Recordarán que en la República, Platón ofrece su interpretación del alma humana centrando su atención en la sociedad política. El argumento corría del siguiente modo: si nuestra intención es comprender el alma, lo mejor será enfocarnos en el modo en el cual se organiza la sociedad justa, porque es en la Polis donde se escribe con letras grandes y por tanto más legibles, lo que en el alma de los hombres está inscrito en letra pequeña, a veces difícil de descifrar.

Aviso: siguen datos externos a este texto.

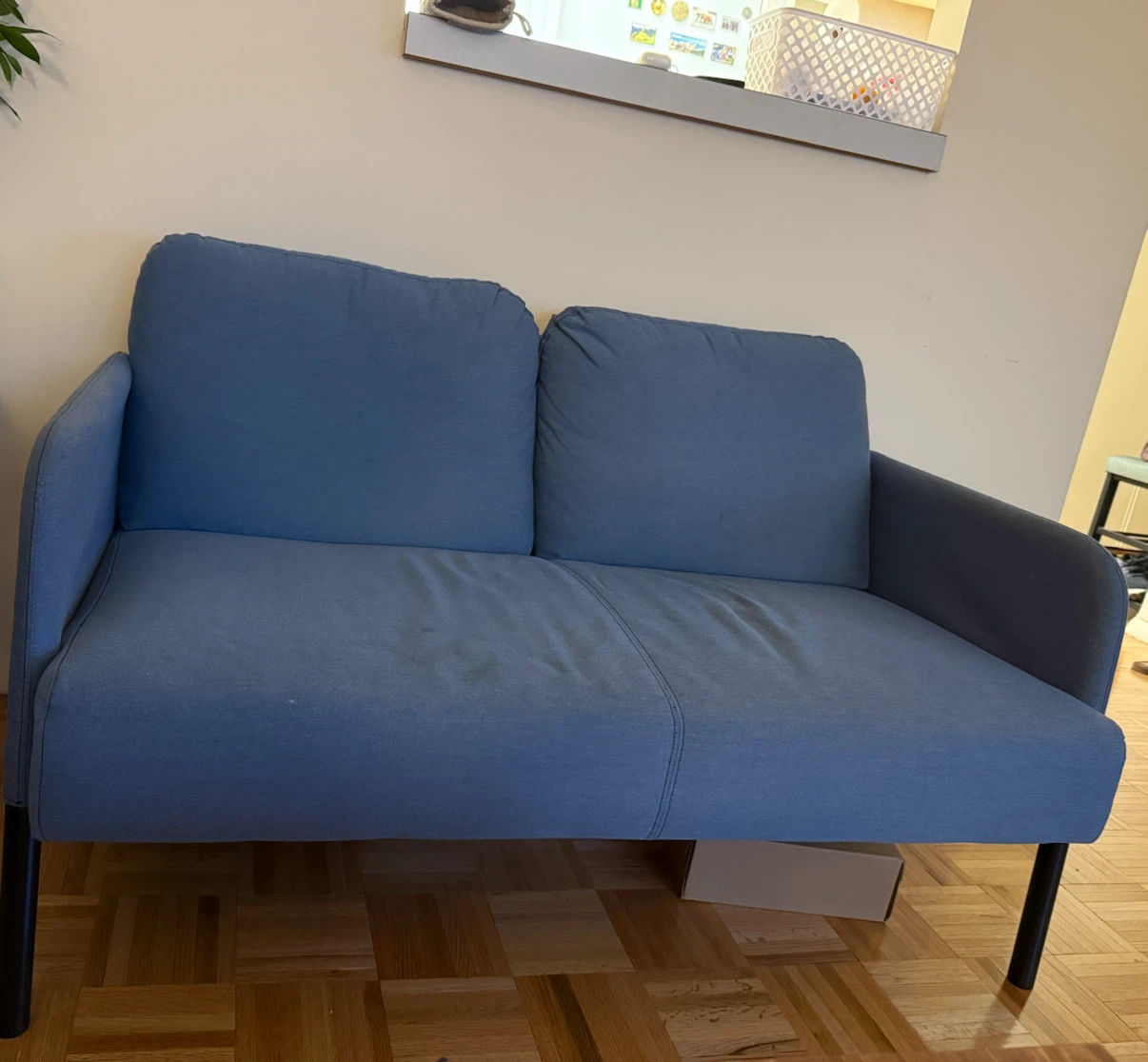 Blue two seater sofa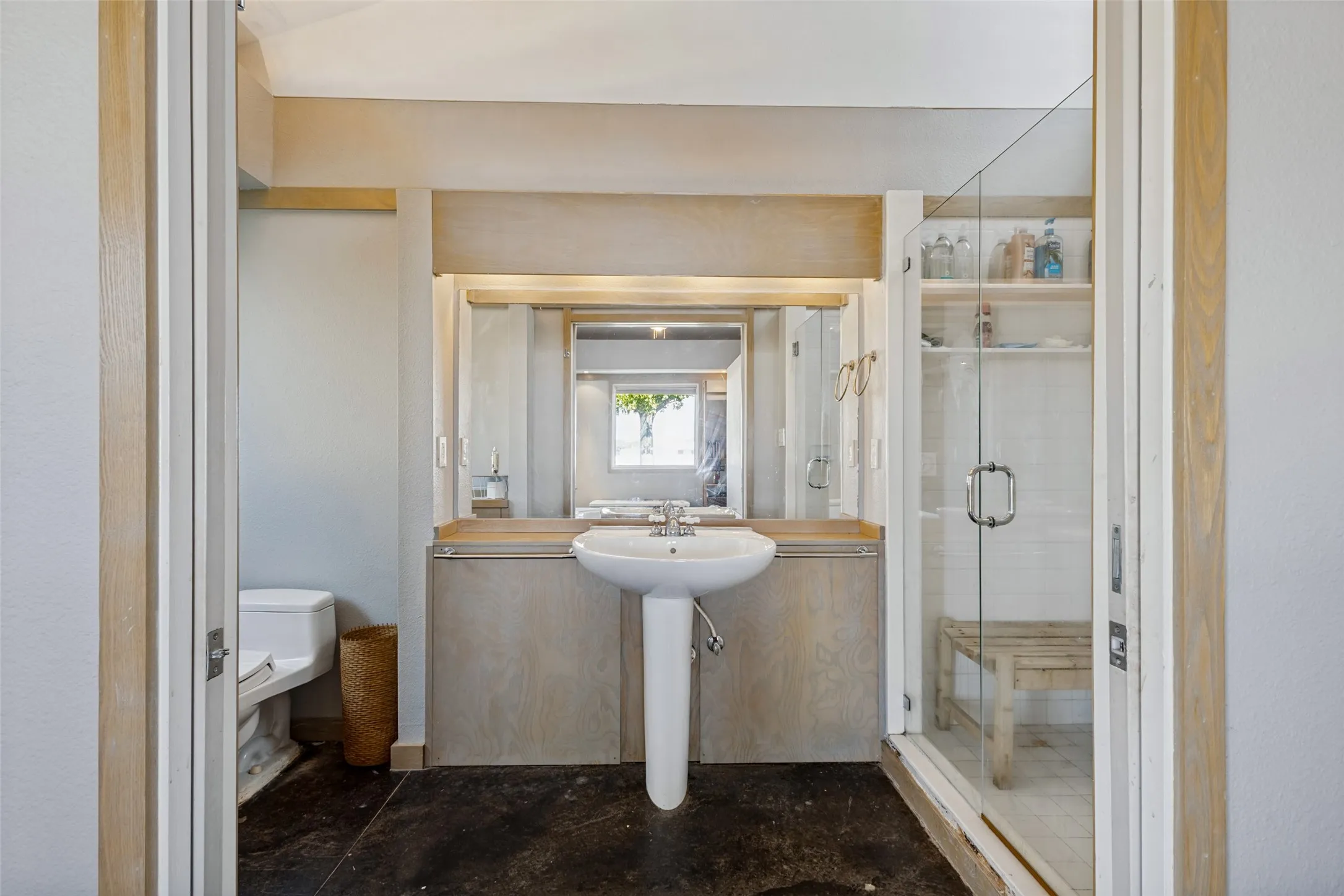 Another section of the bath incudes a pedestal sink with cabinets on either side, a toilet and a shower.  Pocket doors close the area off.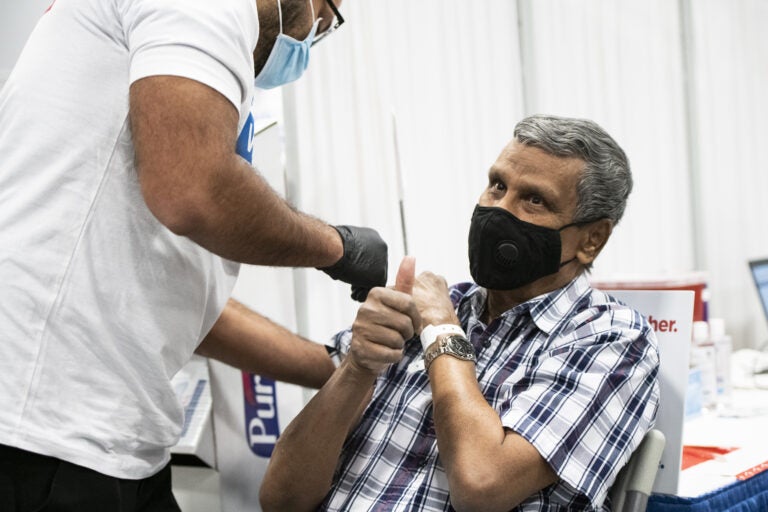 A person gives the thumbs up sign after receiving a dose of the Covid-19 vaccination at the New Jersey Convention and Exposition Center in Edison, New Jersey, U.S., on Friday, Jan. 15, 2021. New Jersey will expand Covid-19 vaccinations to people 65 years old and over and those ages 16 to 64 who have 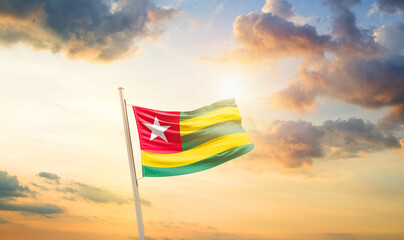Togo national flag cloth fabric waving on the sky - Image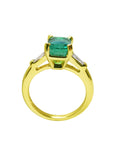 The lateral profile view of a gold emerald ring on a white background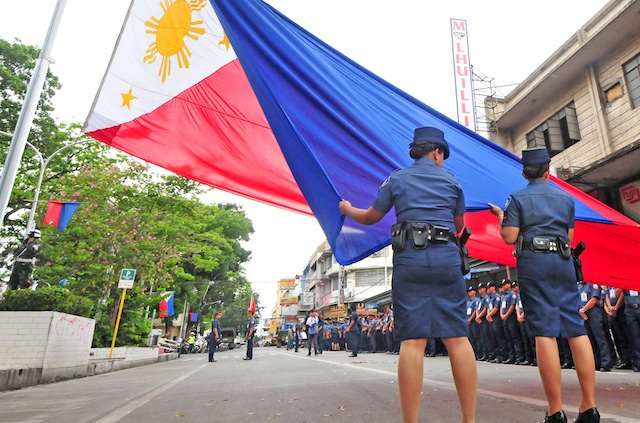 118TH PHILIPPINE INDEPENDENCEDAYFemale police officers carry a big Philippine flag during the 118th Independence Day rites in Divisoria, Cagayan de Oro on June 12, 2016. MindaNews photo by Froilan Gallardo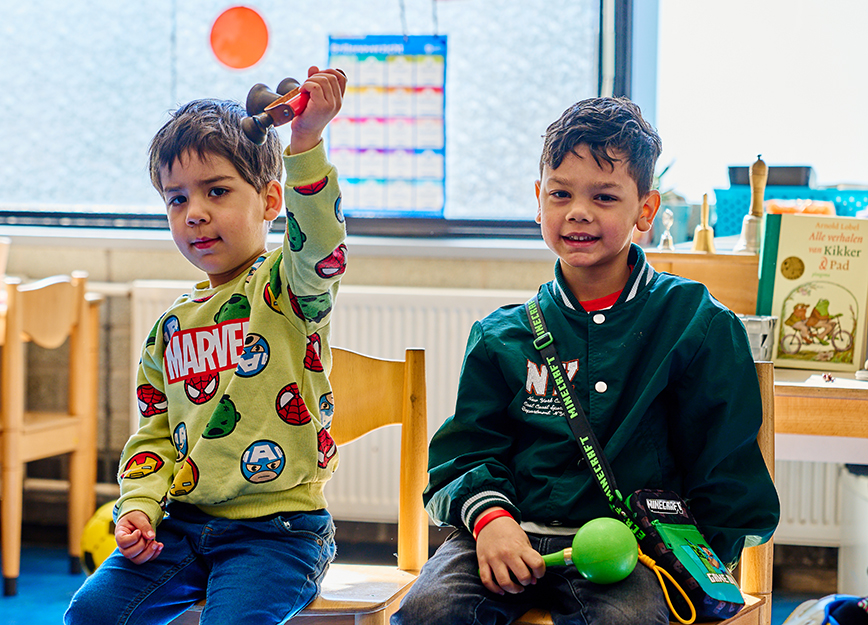Twee montessori-leerlingen zitten op stoeltjes in de kring en hebben allebei een muziekinstrument in de hand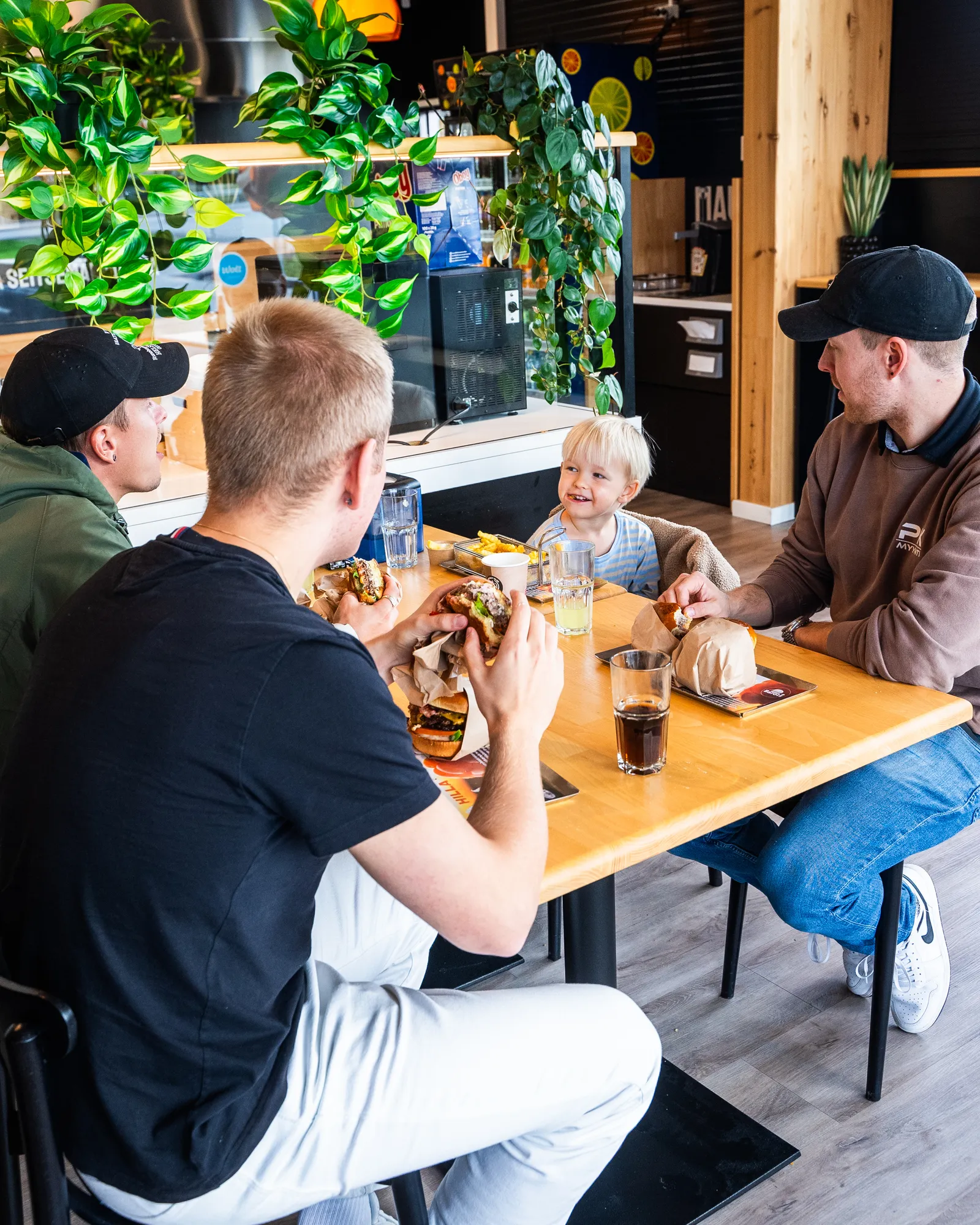 Kolme nuorta miestä ja hymyilevä taapero istuvat puisella pöydällä syöden hampurilaisia ja ranskalaisia rennossa ravintolassa.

Una de las razones que sustentaba esta perspectiva consistía en la creencia antigua en un orden cósmico en el cual los individuos participaban. Pero este orden óntico ha sido desacreditado por la visión ‘desencantada’ de la modernidad, y no nos queda más remedio que volver a los individuos para encontrar las respuestas que buscamos, por medio de una analogía en reverso.
¿Podemos encontrar en el individuo aislado, en el individuo autónomo las razones que necesitamos para hacer sostenible la comunidad política? ¿Son suficientes los argumentos individualistas para fundar una perspectiva ética que ofrezca respuesta a los interrogantes, no sólo del deber ser, sino también de la buena vida?
El hecho de que este sea el procedimiento al que debemos rendirnos no indica que el individuo sea primario en el orden de la realidad. A lo que apunta es a nuestro modo de entendernos a nosotros mismos. La modernidad implica una afirmación asimétrica del individuo por sobre cualquier otra entidad hasta el absurdo. Todo está al servicio del individuo de un modo tan exagerado, que se ha vuelto un desafío de difícil resolución hacer sostenible la comunidad política, dar respuesta a la crisis ecológica, u ofrecer una solidaridad no-caritativa.
Pero en vista de lo arraigado de nuestra perspectiva, me permitiré ofrecer algunos argumentos antiguos que pueden servir para hacernos pensar con mayor profundidad los anegados presupuestos que sostienen nuestra cosmovisión moderna, y apuntar algunas consecuencias inmediatas de nuestras auto-comprensiones.
Aunque argumentos similares pueden encontrarse en los tratados de Aristóteles, por ejemplo, y algunos de sus seguidores medievales, me referiré a la literatura Madhyamika, a los argumentos esgrimidos por el erudito y santo indio Nagarjuna, que en el siglo II de nuestra era inauguró una corriente filosófica que utilizaba una lógica ajustada para extraer, por medio de reducciones al absurdo, las consecuencias insostenibles de sus contrincantes respecto a cuestiones en torno a la identidad de las personas y de otros entes. El resultado no era únicamente una gramática deconstructiva. La intención última era ética y política: la reivindicación de las comunidades de pertenencia enmarcadas en un ideal de responsabilidad universal.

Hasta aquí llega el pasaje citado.